(ASSIGNED TASK):
The material below holds the lines to copy: from the one with "我把荷包送给你（杨放记录版）(1)我把荷包送给你1.jpg" up to and including the one with "上海××有限公司××工業(y". Copy them exactly and skip the pictures.

(RECORDS FOR THIS EXERCISE):
⟨

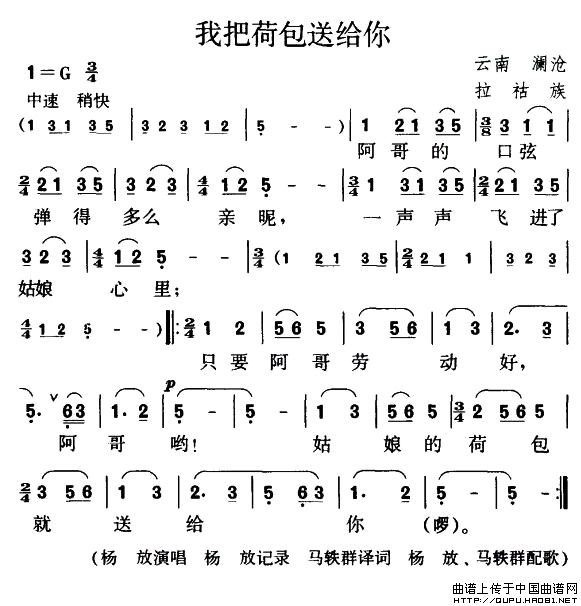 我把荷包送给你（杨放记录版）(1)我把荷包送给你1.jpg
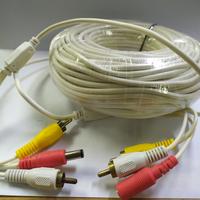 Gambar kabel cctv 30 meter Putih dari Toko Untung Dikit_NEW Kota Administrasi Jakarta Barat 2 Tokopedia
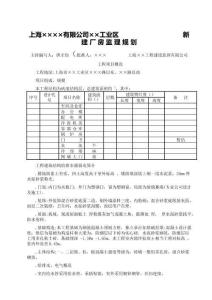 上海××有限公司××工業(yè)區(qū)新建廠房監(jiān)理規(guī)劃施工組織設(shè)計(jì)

⟩
⟨

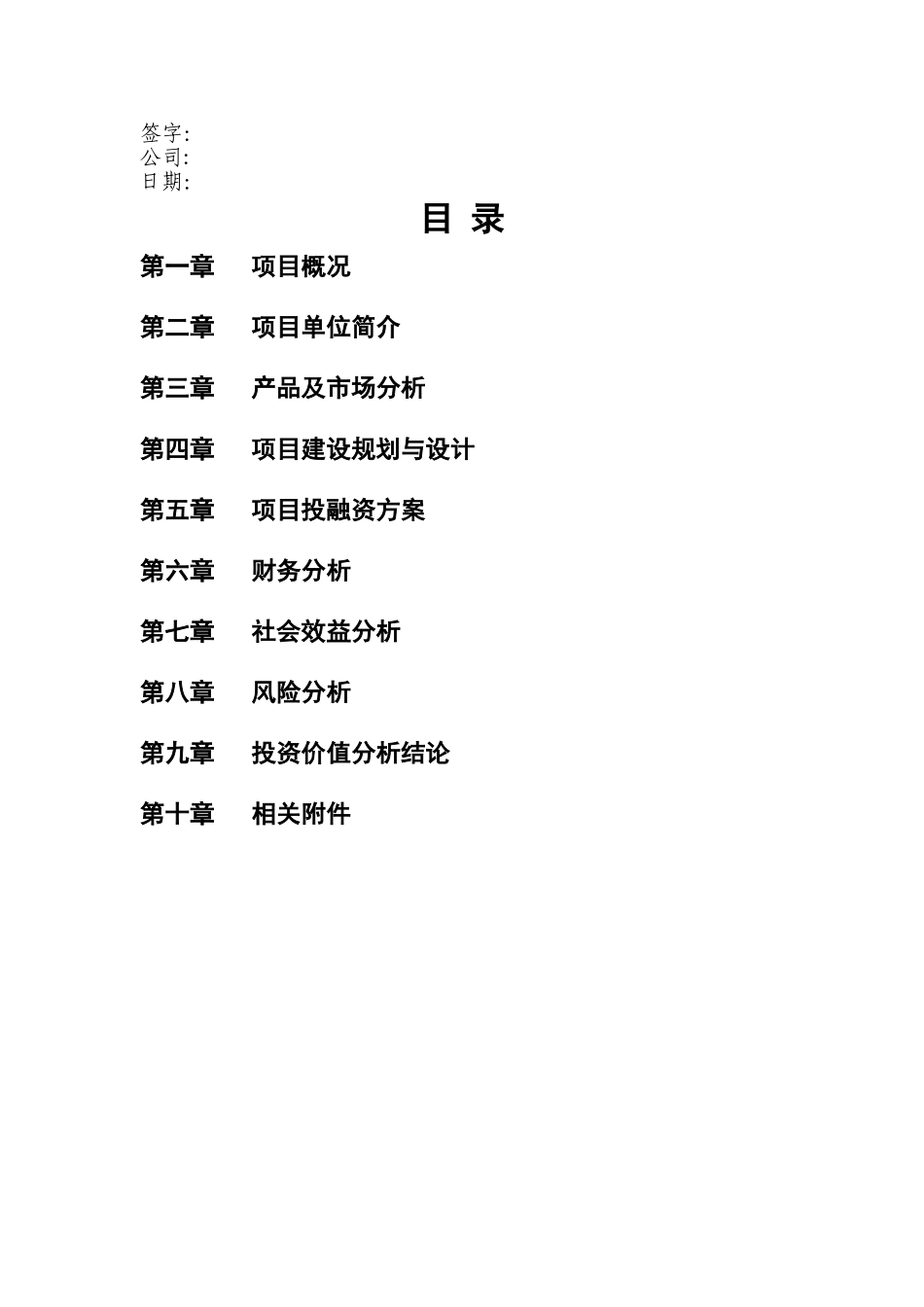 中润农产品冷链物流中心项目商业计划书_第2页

⟩
⟨

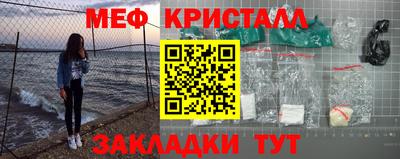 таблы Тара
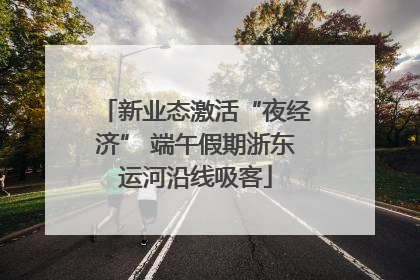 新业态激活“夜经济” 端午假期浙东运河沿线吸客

⟩

(THE COMPLETED TASK):
 我把荷包送给你（杨放记录版）(1)我把荷包送给你1.jpg
 Gambar kabel cctv 30 meter Putih dari Toko Untung Dikit_NEW Kota Administrasi Jakarta Barat 2 Tokopedia
 上海××有限公司××工業(yè)區(qū)新建廠房監(jiān)理規(guī)劃施工組織設(shè)計(jì)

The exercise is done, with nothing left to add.